Re: [PoC] Federated Authn/z with OAUTHBEARER

From: Jacob Champion <jacob(dot)champion(at)enterprisedb(dot)com>
To: Daniel Gustafsson <daniel(at)yesql(dot)se>
Cc: Peter Eisentraut <peter(at)eisentraut(dot)org>, PostgreSQL Hackers <pgsql-hackers(at)postgresql(dot)org>
Subject: Re: [PoC] Federated Authn/z with OAUTHBEARER
Date: 2024-09-16 19:13:28
Message-ID: CAOYmi+mhKa96y7pbpKEOQJpPB=ekgjJY=OrRtDwiOBxrnkrQBg@mail.gmail.com
Views: Raw Message | Whole Thread | Download mbox | Resend email
Thread:
Lists: pgsql-hackers

On Wed, Sep 11, 2024 at 3:54 PM Jacob Champion
<jacob(dot)champion(at)enterprisedb(dot)com> wrote:
> Yeah, and I still owe you all an updated roadmap.

Okay, here goes. New reviewers: start here!

== What is This? ==

OAuth 2.0 is a way for a trusted third party (a "provider") to tell a
server whether a client on the other end of the line is allowed to do
something. This patchset adds OAuth support to libpq with libcurl,
provides a server-side API so that extension modules can add support
for specific OAuth providers, and extends our SASL support to carry
the OAuth access tokens over the OAUTHBEARER mechanism.

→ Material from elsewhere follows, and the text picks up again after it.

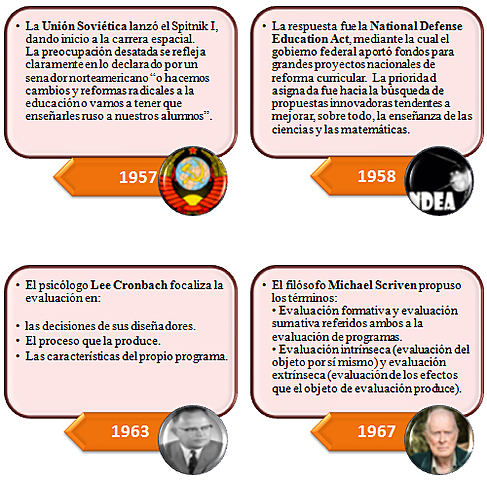 Época del realismo (1958 – 1972)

Most OAuth clients use a web browser to perform the third-party
handshake. (These are your "Okta logins", "sign in with XXX", etc.)
But there are plenty of people who use psql without a local browser,
and invoking a browser safely across all supported platforms is
actually surprisingly fraught. So this patchset implements something
called device authorization, where the client will display a link and
a code, and then you can log in on whatever device is convenient for
you. Once you've told your provider that you trust libpq to connect to
Postgres on your behalf, it'll give libpq an access token, and libpq
will forward that on to the server.

== How This Fits, or: The Sales Pitch ==

The most popular third-party auth methods we have today are probably
the Kerberos family (AD/GSS/SSPI) and LDAP. If you're not already in
an MS ecosystem, it's unlikely that you're using the former. And users
of the latter are, in my experience, more-or-less resigned to its use,
in spite of LDAP's architectural security problems and the fact that
you have to run weird synchronization scripts to tell Postgres what
certain users are allowed to do.

OAuth provides a decently mature and widely-deployed third option. You
don't have to be running the infrastructure yourself, as long as you
have a provider you trust. If you are running your own infrastructure
(or if your provider is configurable), the tokens being passed around
can carry org-specific user privileges, so that Postgres can figure
out who's allowed to do what without out-of-band synchronization
scripts. And those access tokens are a straight upgrade over
passwords: even if they're somehow stolen, they are time-limited, they
are optionally revocable, and they can be scoped to specific actions.

== Extension Points ==

This patchset provides several points of customization:

Server-side validation is farmed out entirely to an extension, which
we do not provide. (Each OAuth provider is free to come up with its
own proprietary method of verifying its access tokens, and so far the
big players have absolutely not standardized.) Depending on the
provider, the extension may need to contact an external server to see
what the token has been authorized to do, or it may be able to do that
offline using signing keys and an agreed-upon token format.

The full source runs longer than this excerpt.